Ore. newspaper reduces home-delivery schedule

  • By Nigel Duara Associated Press
  • Thursday, June 20, 2013 4:29pm
  • Business

PORTLAND, Ore. — The Oregonian announced Thursday it is shifting its emphasis to digital delivery of news, reducing home delivery and cutting some staff, following in the strategy of other Advance Publication Inc. newspapers, including The Plain Dealer and The Times-Picayune.

Oregon’s largest newspaper will still be printed daily and distributed to metro areas. But home delivery will be reduced from seven days to Wednesday, Friday and Sunday, and a bonus edition on Saturday. Home delivery subscribers will be able to read a digital edition of the paper online seven days a week.

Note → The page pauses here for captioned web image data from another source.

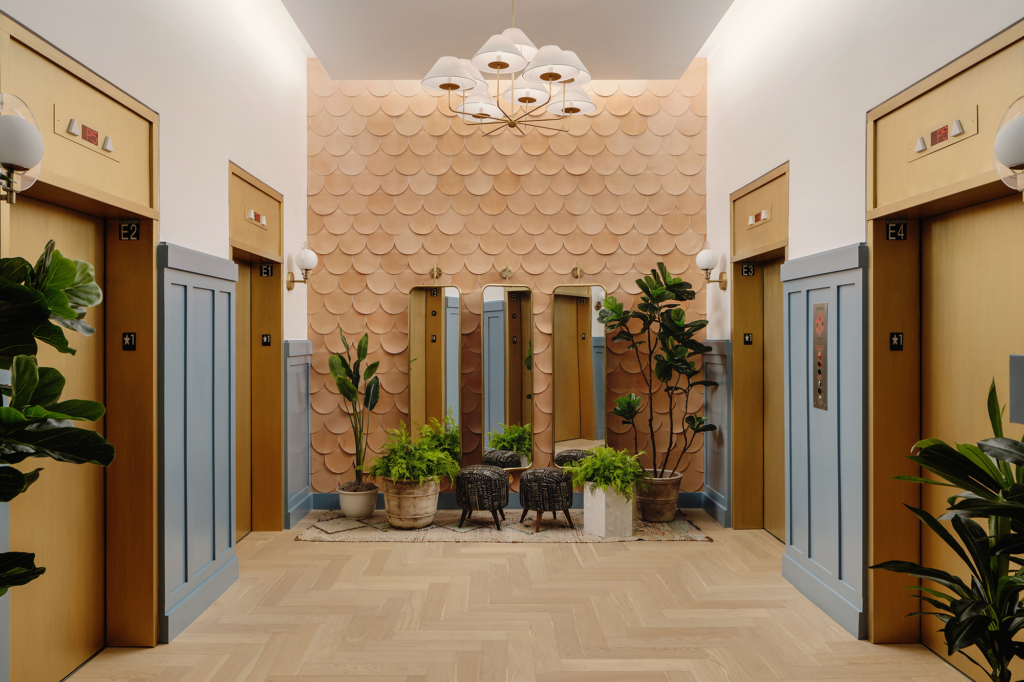 The elevator lobby's elegant scallop-patterned leather tile by AVO adds texture and luxury to what would otherwise be a utilitarian area.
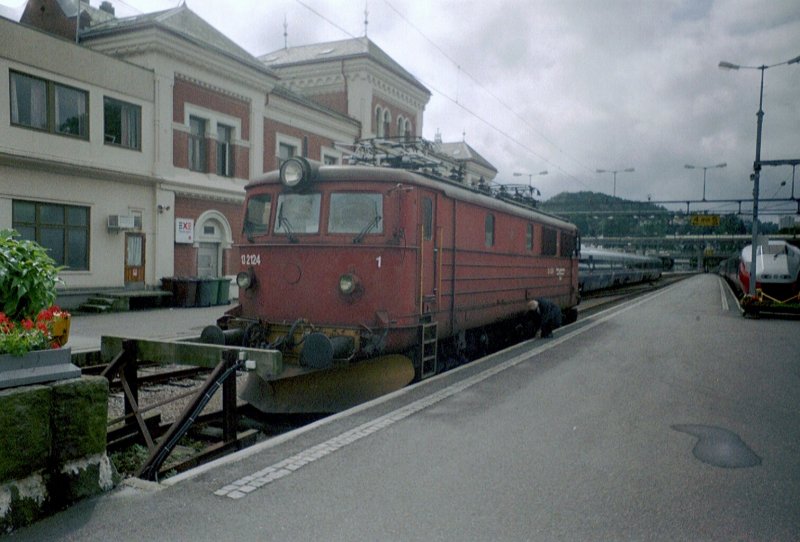 Lok EL 13 2124 im Bahnhof von Kristiansand. Von der Lok verdeckt ein Elektrotriebzug vom Typ 73  Signature . Rechts steht ein Zug vom Typ 73B. 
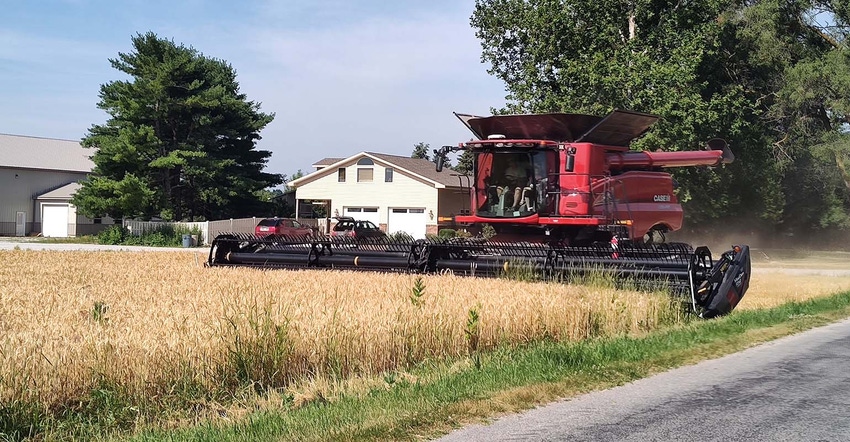 Combine ready to harvest wheat field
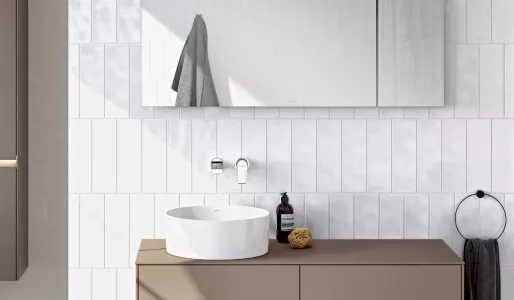 biała umywalka nablatowa w nowoczesnej łazience z białymi płytkami i minimalistyczną szafką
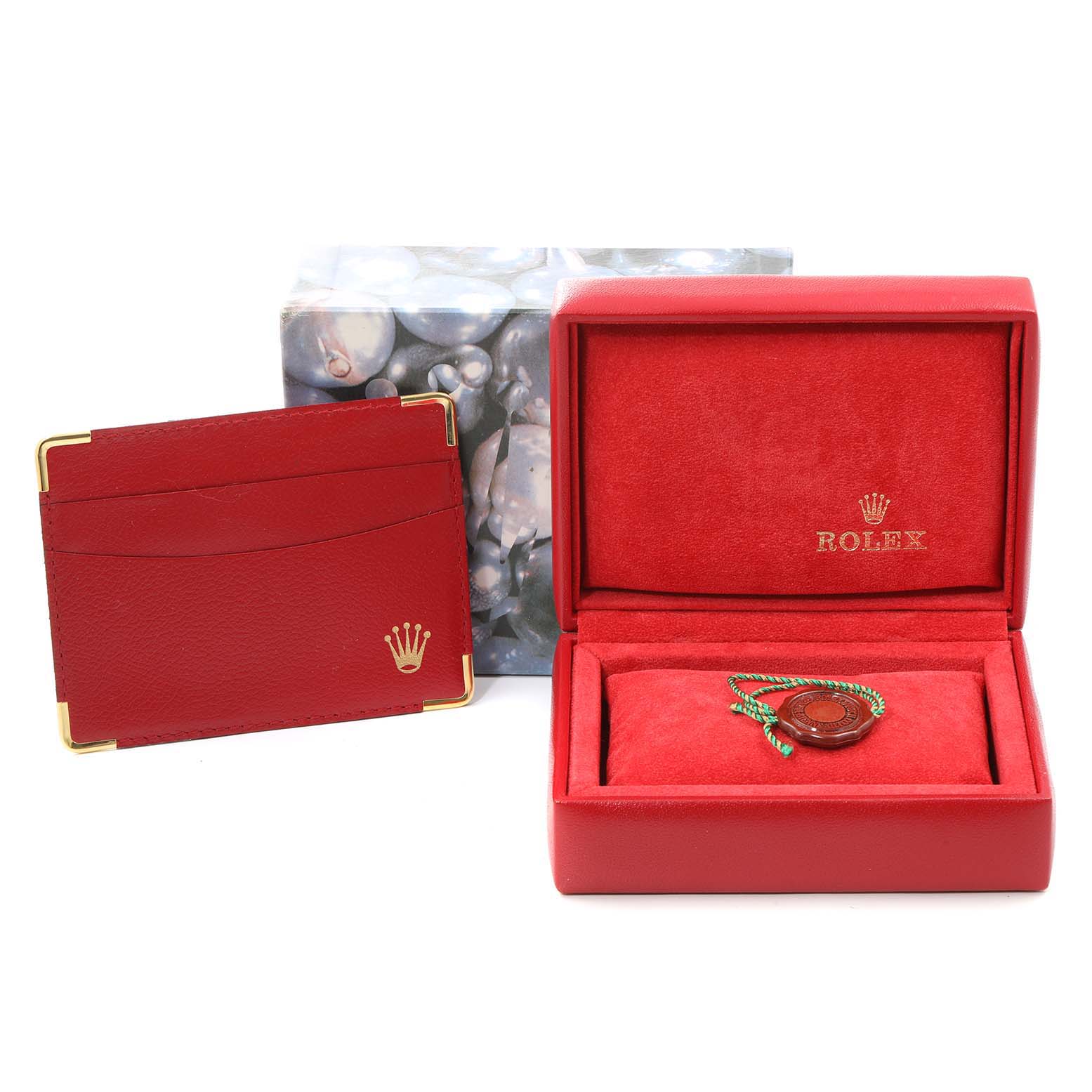 The image shows the red presentation box and cardholder for the Rolex President 79138 Women
s Yellow Gold Mother of Pearl Dial 79138 Women
s Yellow Gold Mother of Pearl Dial model watch.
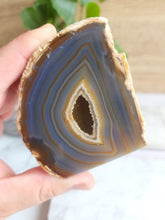 Load image into Gallery viewer, Experience agate&#39;s tranquil energy. This revered stone balances yin and yang, fostering inner peace and spiritual growth. Let its unique beauty guide your journey to enlightenment
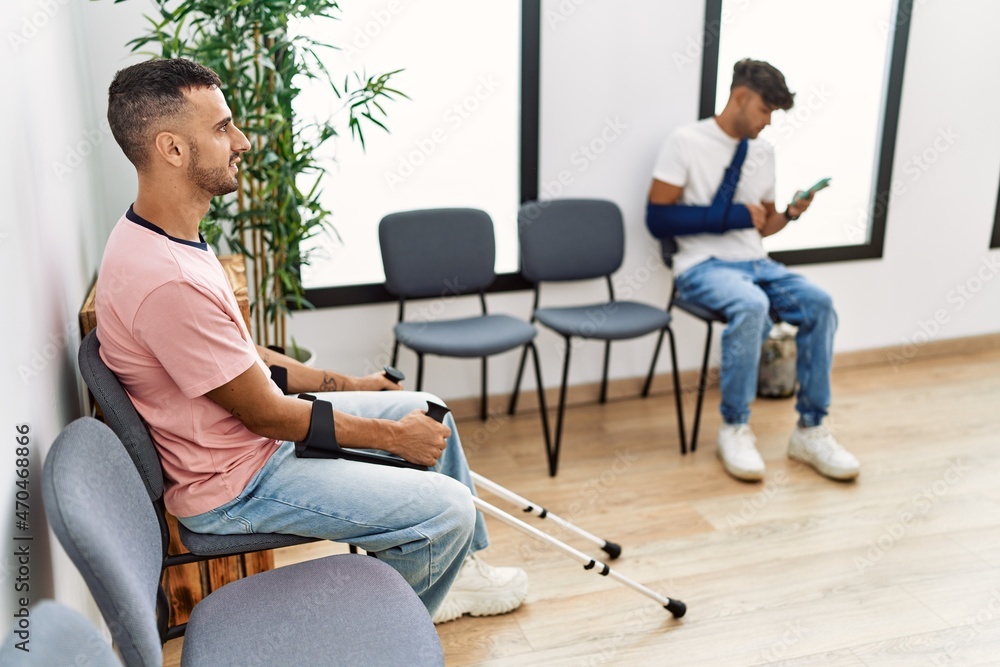 Two hispanic men using smartphone sitting on chair at hospital waiting room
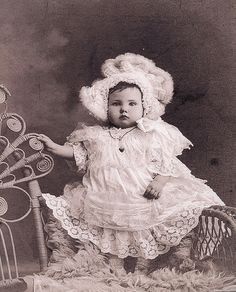 an old fashion photo of a baby in a dress and bonnet with lots of hair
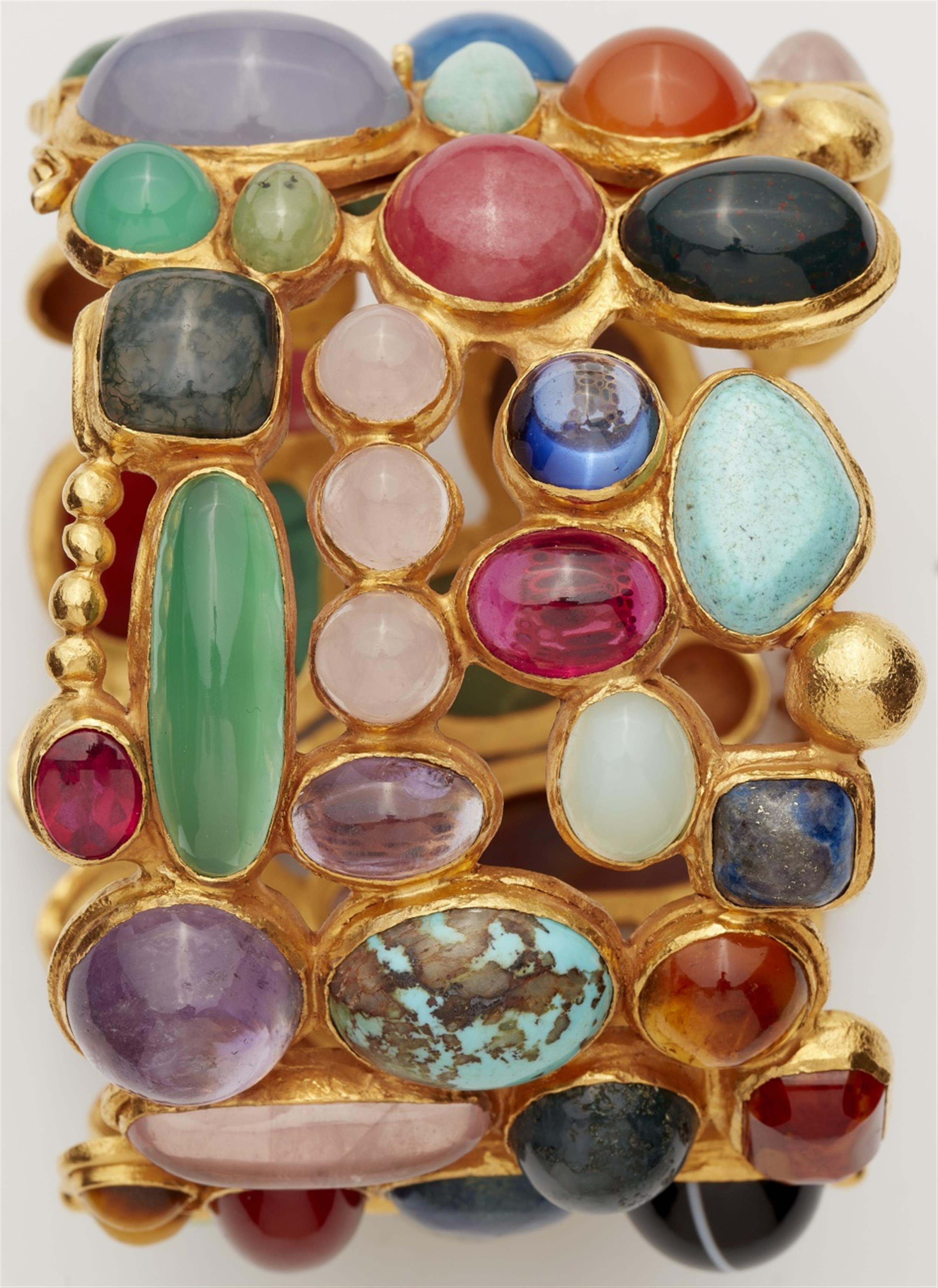 An 18k gold gemstone cuff bangle - image-4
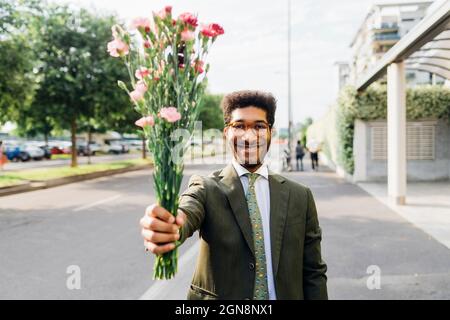 Homme d'affaires heureux montrant un bouquet en se tenant dans la rue Banque D'Images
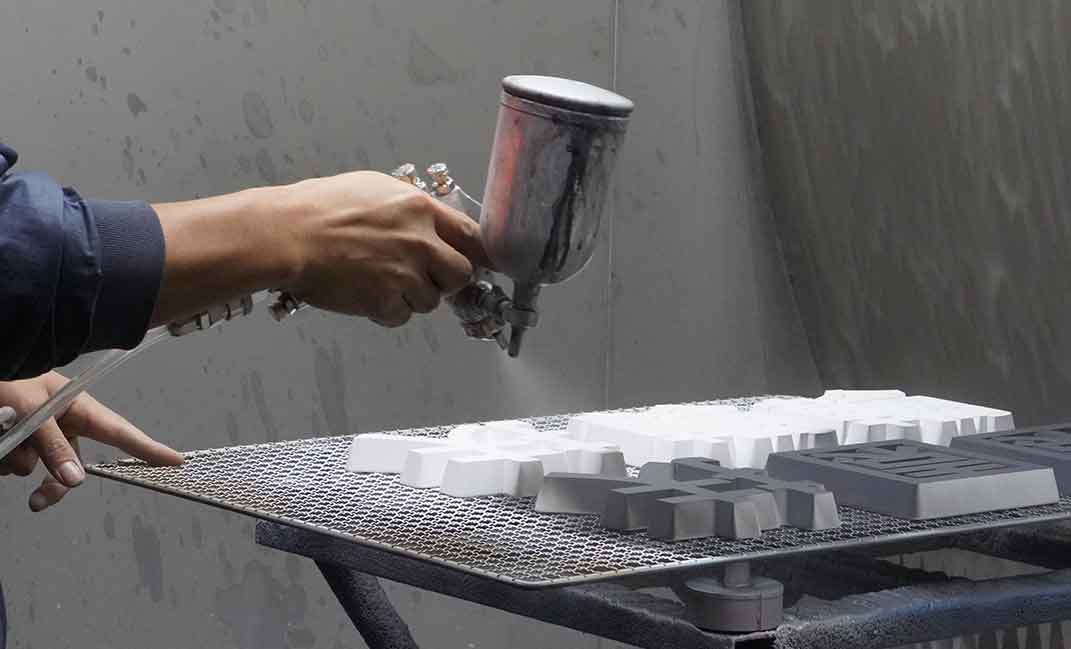 Capabilities 5 Detailed view of professional laser cutting services in a modern factory, showing precision metal fabrication and industrial manufacturing.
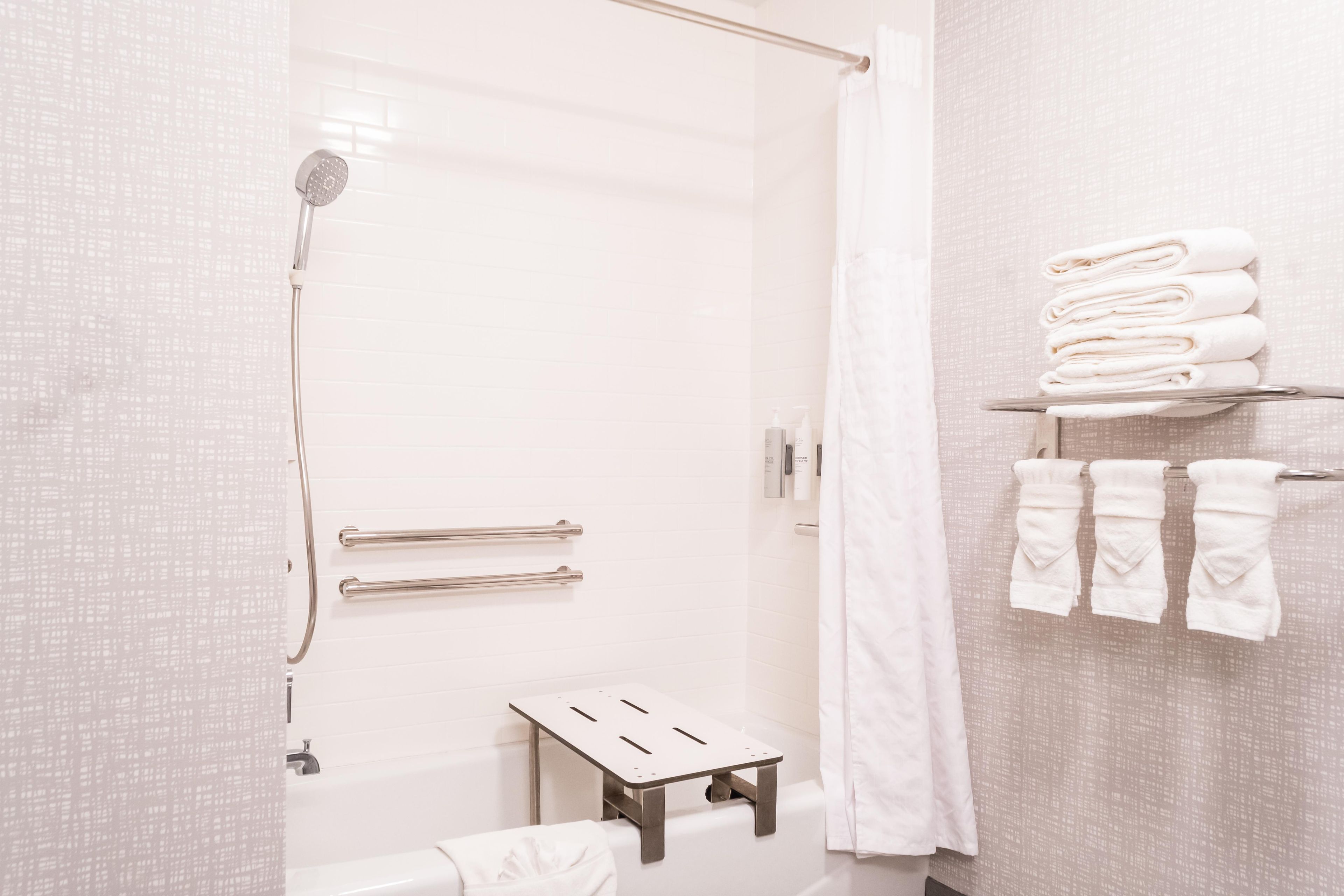 A modern bathroom with a shower, a toilet, and a towel rack.
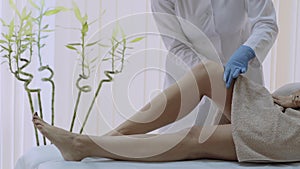 Beautician in the spa center prepare woman s legs for depilation. 4k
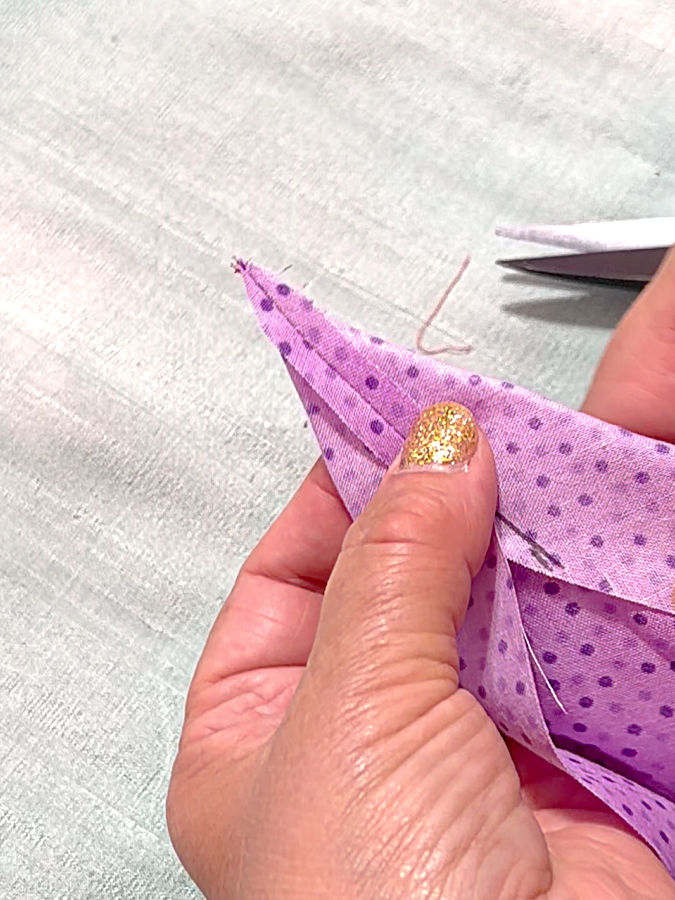 a woman holding the piece of fabric after the seam allowance was finger pressed open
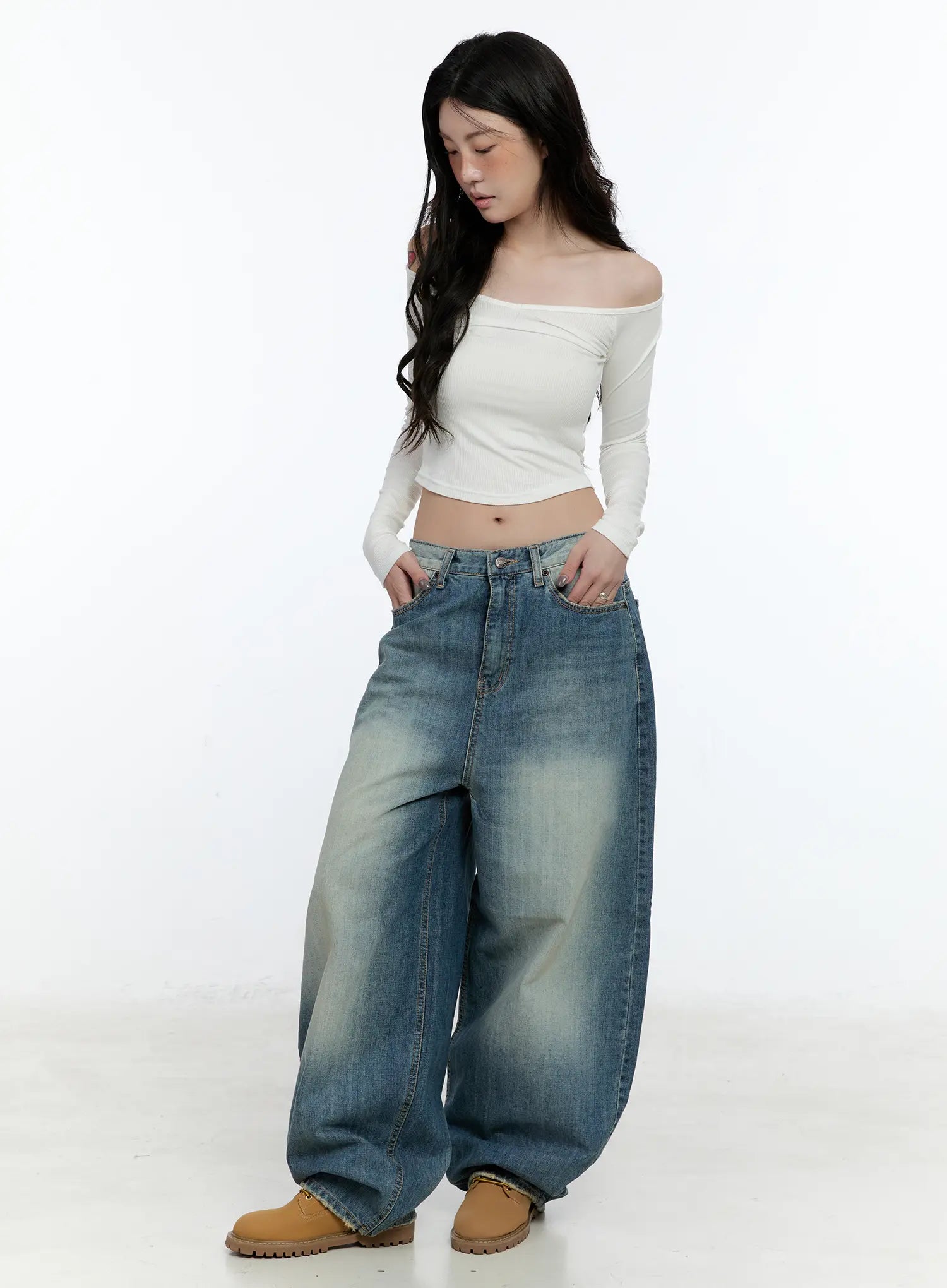 Jiso Baggy Wide Jeans CN517 in blue, front full-body shot on female model, washed baggy wide leg with mid-rise waist, paired with white off-shoulder crop top and tan boots.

Publisher N. Christian Anderson III said in a statement published online that the company will be relaunched Oct. 1 as the Oregonian Media Group.

“We will continue to develop our digital products to better serve consumers,” Anderson said. “We seek to be at the forefront of how Oregonians get and use information. Even with the largest news organization and the largest news audience in the state, we must bring innovative ways of serving consumers to continue our growth.”

The Oregonian — whose roots date back to 1850 — is owned by Advance Publications, Inc. Similar steps have been taken at other Advance newspapers.

Advance’s strategy of shifting to digital content began in 2009, when the Ann Arbor News switched from a daily print schedule to printing only on Thursday and Sunday. In New Orleans, The Times-Picayune cut its print edition to three days a week and later supplemented that with a tabloid edition available in stores and newsstands on the days that the full newspaper isn’t printed.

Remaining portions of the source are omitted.